═════ Excerpted data ═════
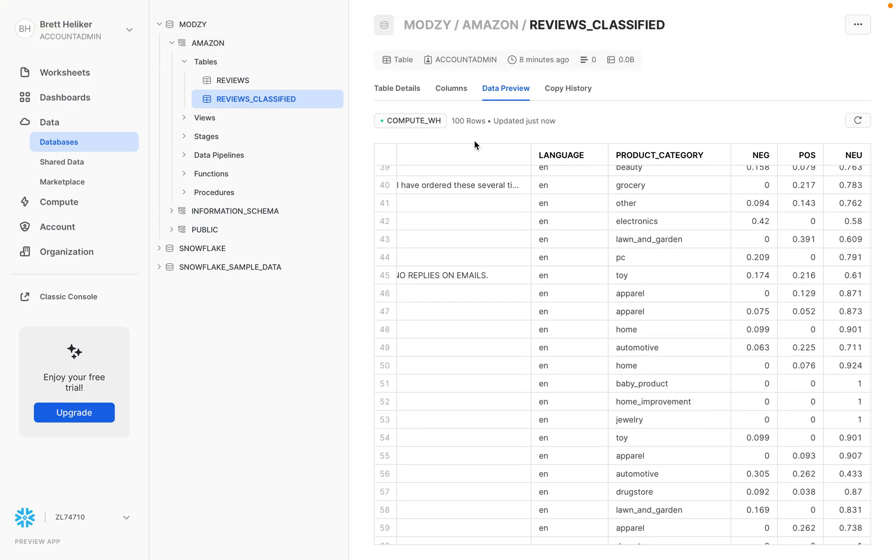So just to recap, we loaded data from Snowflake database. We processed that data through a natural language processing model hosted on app.modzy.com, and we saved that resulting analysis back to Snowflake for further use.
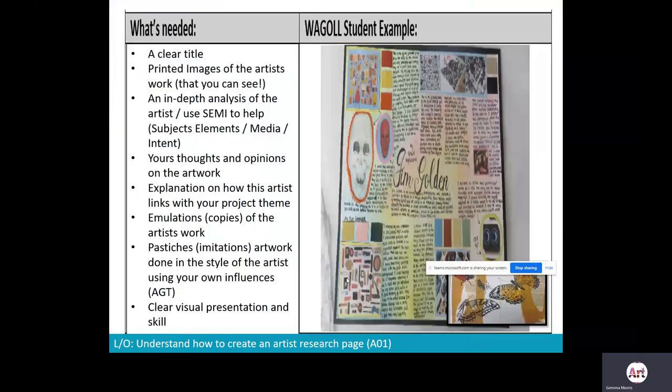What I'd like you to think about this lesson is to start planning your aims for your artist research page. Today you might collect some key information, go on the computers, add a title, or consider your background. You will then need to develop this further as homework.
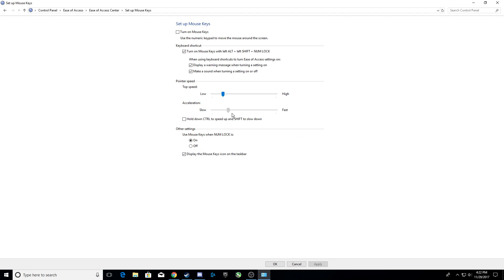Now this should be in the middle for you, or it might be in the middle for you. It was for me. But you want to drag this all the way down to slow, because then mouse acceleration is completely turned off.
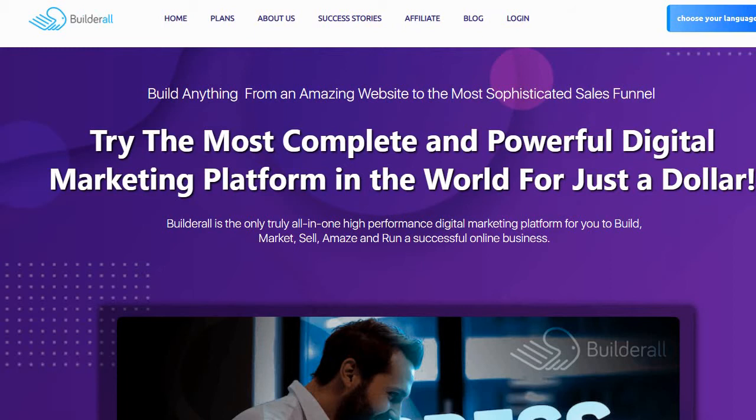First and foremost, if you're looking to create marketing pages and sales funnels, and that's going to be your main goal, then definitely use Builderall. Not only do they have all of the tools for that, they probably have more tools than any other sales funnel builder out there. So they will be very helpful for that.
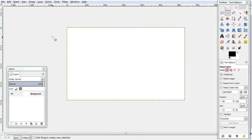Hello. We're doing a tutorial to make speech bubbles and thought bubbles in GIMP.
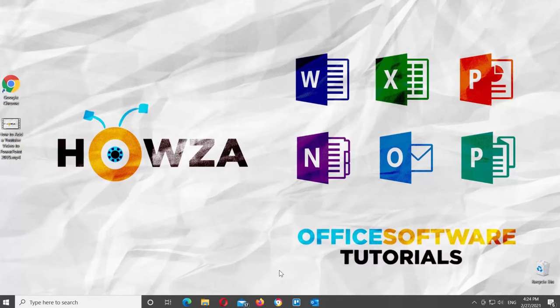Hey! Welcome to Howza Channel! In today's tutorial, you will learn how to send big files with Outlook.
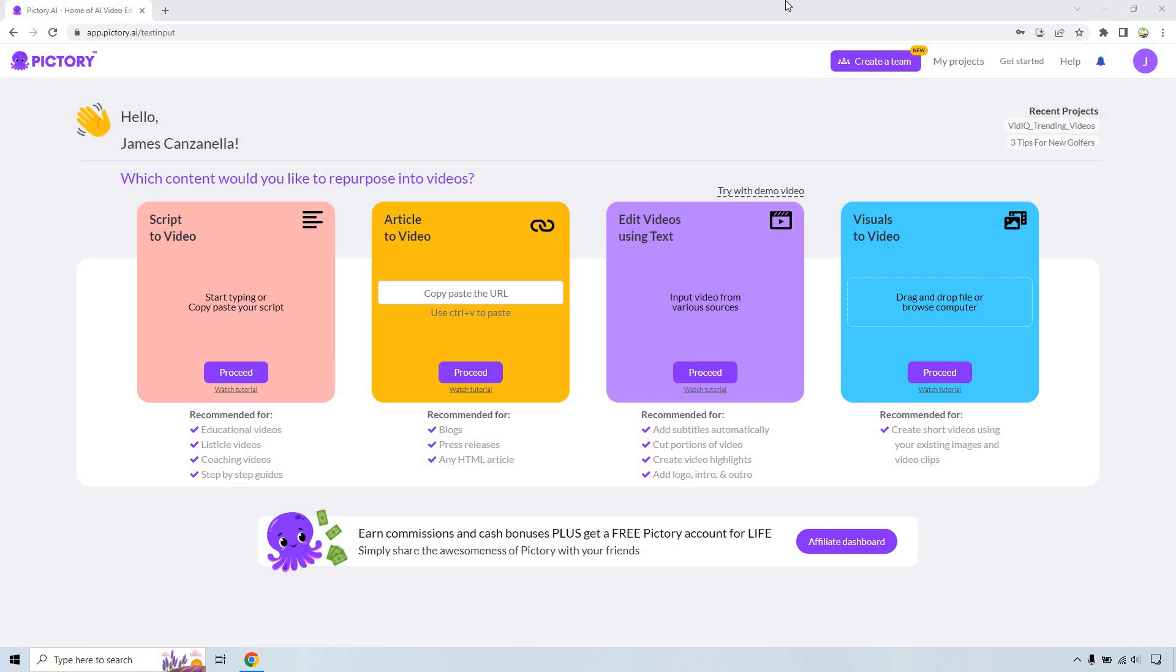Hello and welcome to this video where I'm going to be going over Pictory to edit videos using text. This is going to be another feature where you can really change around a video that you currently have and of course add to it, and I'm going to show you the rest.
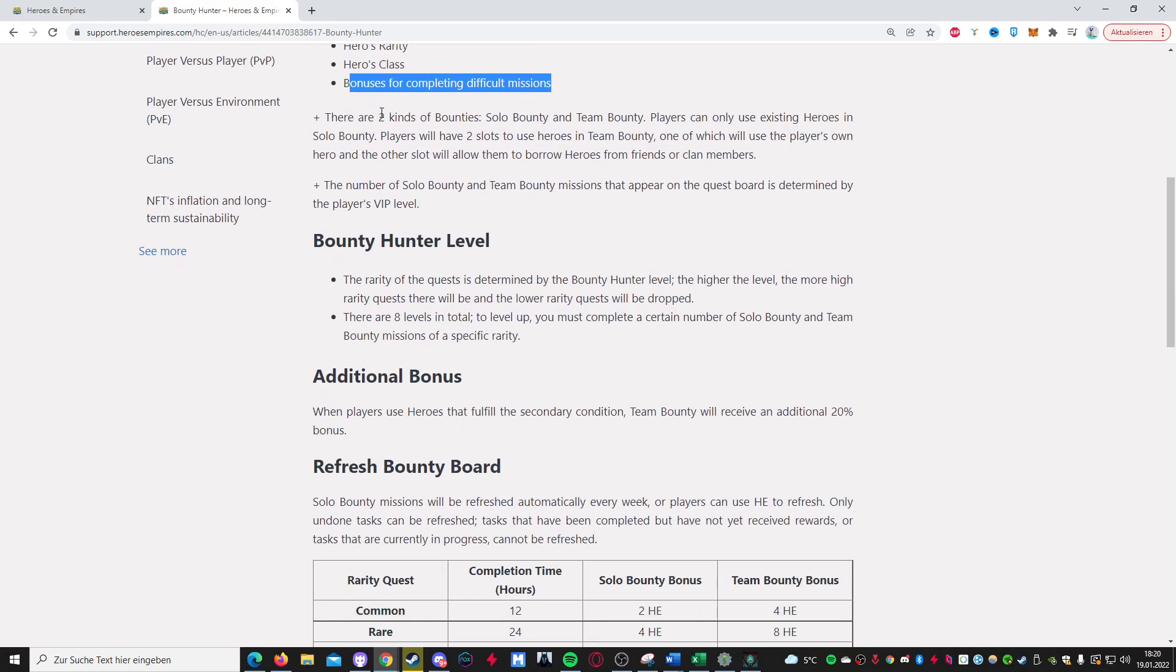And of course there are different variations of bounties, so for example you can have a solo bounty and a team bounty, meaning in your solo bounty quest you can only use the heroes that you own. Basically the ones that exist in your account.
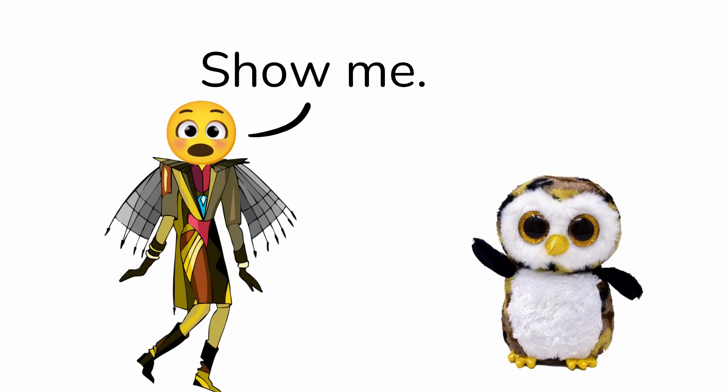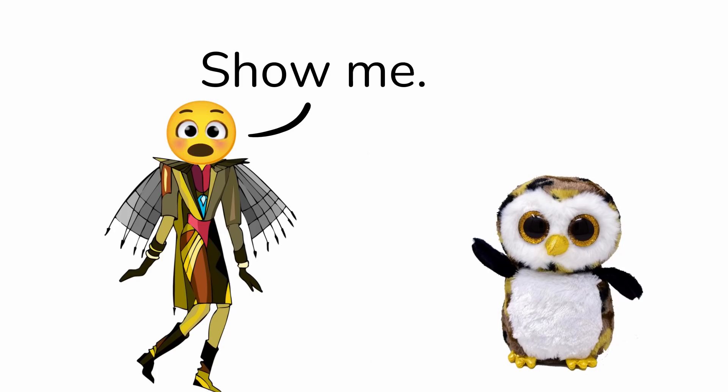By the way, I made a cake. Show me. Sure, but I don't think anyone can like and subscribe before I show you the cake in 3... 2... 1...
═════
■ Task ■
Only the lines from the beginning of the records up to and including the line with "Now this should" should appear, exactly as they are, and no pictures.

■ Output ■
So just to recap, we loaded data from Snowflake database. We processed that data through a natural language processing model hosted on app.modzy.com, and we saved that resulting analysis back to Snowflake for further use.
What I'd like you to think about this lesson is to start planning your aims for your artist research page. Today you might collect some key information, go on the computers, add a title, or consider your background. You will then need to develop this further as homework.
Now this should be in the middle for you, or it might be in the middle for you. It was for me. But you want to drag this all the way down to slow, because then mouse acceleration is completely turned off.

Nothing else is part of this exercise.